Provided entries:
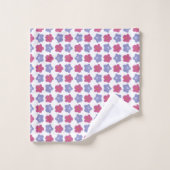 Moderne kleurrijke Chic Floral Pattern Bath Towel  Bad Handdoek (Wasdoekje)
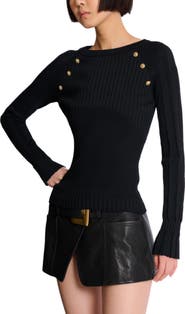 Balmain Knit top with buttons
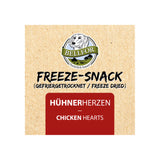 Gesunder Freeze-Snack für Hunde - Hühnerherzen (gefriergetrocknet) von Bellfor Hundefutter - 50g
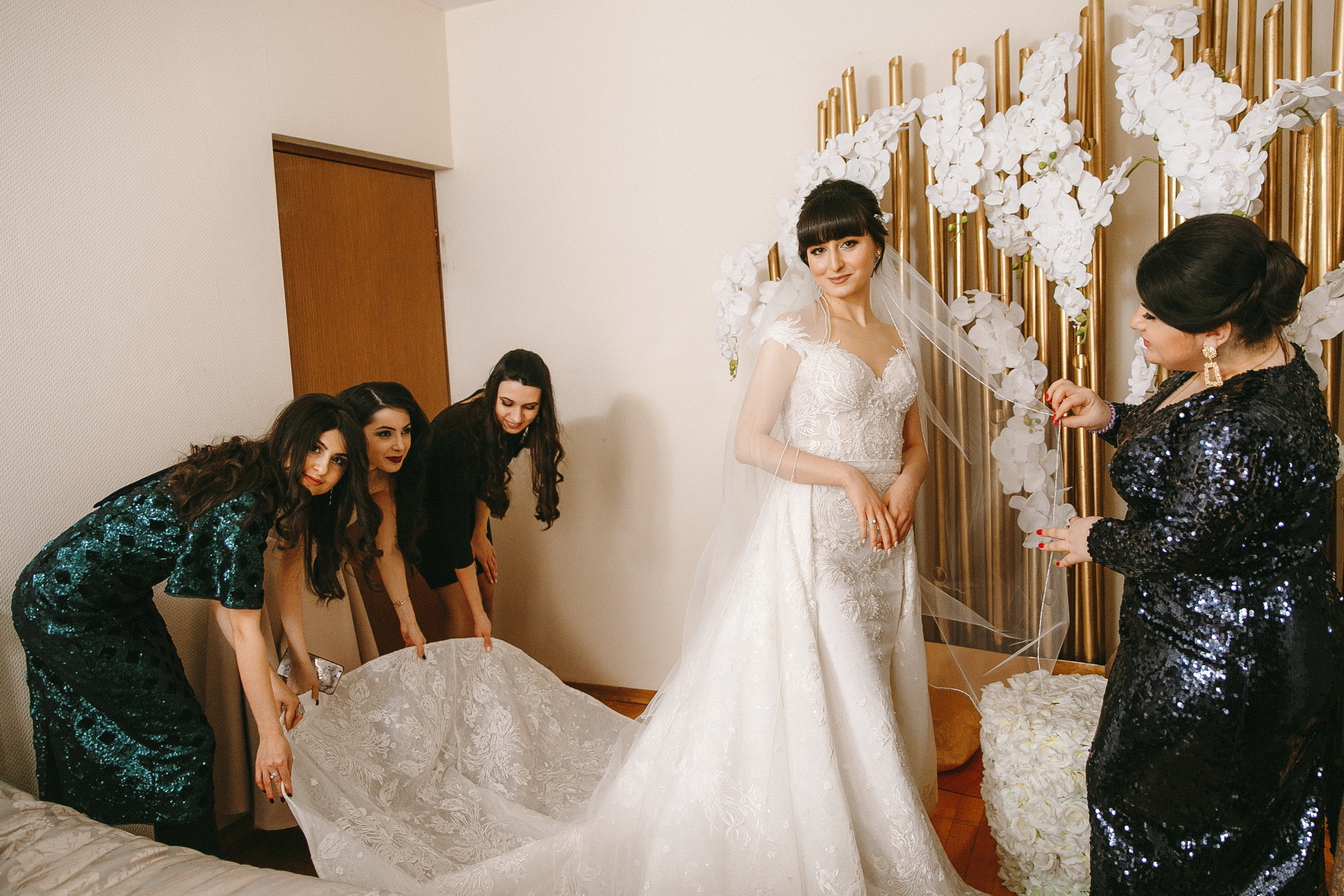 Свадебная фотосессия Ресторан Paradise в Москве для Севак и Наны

---

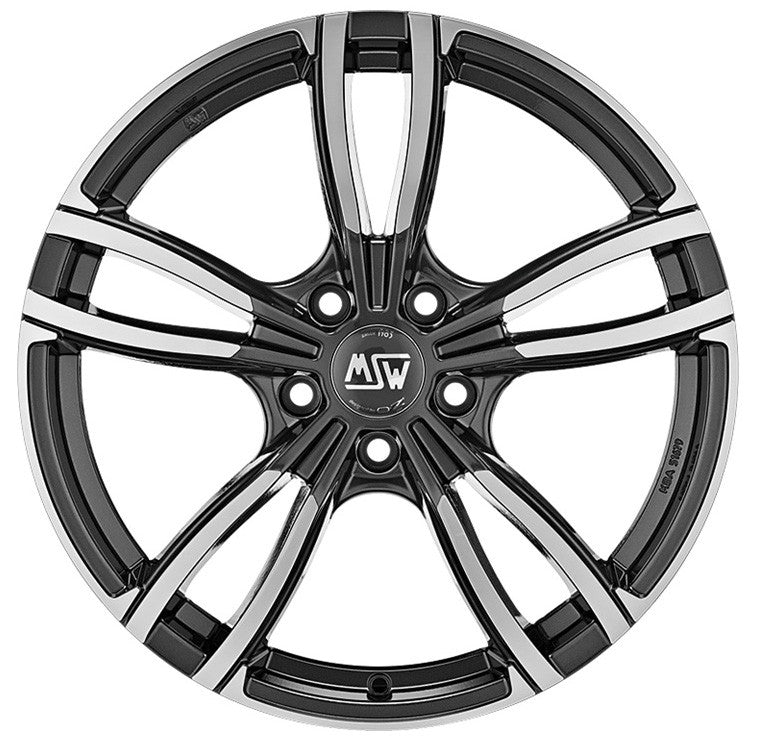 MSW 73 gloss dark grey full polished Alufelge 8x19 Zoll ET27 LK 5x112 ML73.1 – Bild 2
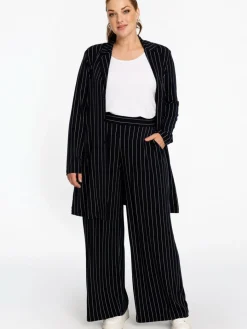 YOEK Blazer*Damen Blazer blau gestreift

What you have to do:
Starting at the line with "MSW 73 gloss" in the entries above, write out every line exactly until the line with "YOEK Blazer*Damen Blazer blau gestreift" has been written. Include no pictures and nothing more.

Output for this exercise:
 MSW 73 gloss dark grey full polished Alufelge 8x19 Zoll ET27 LK 5x112 ML73.1 – Bild 2
 YOEK Blazer*Damen Blazer blau gestreift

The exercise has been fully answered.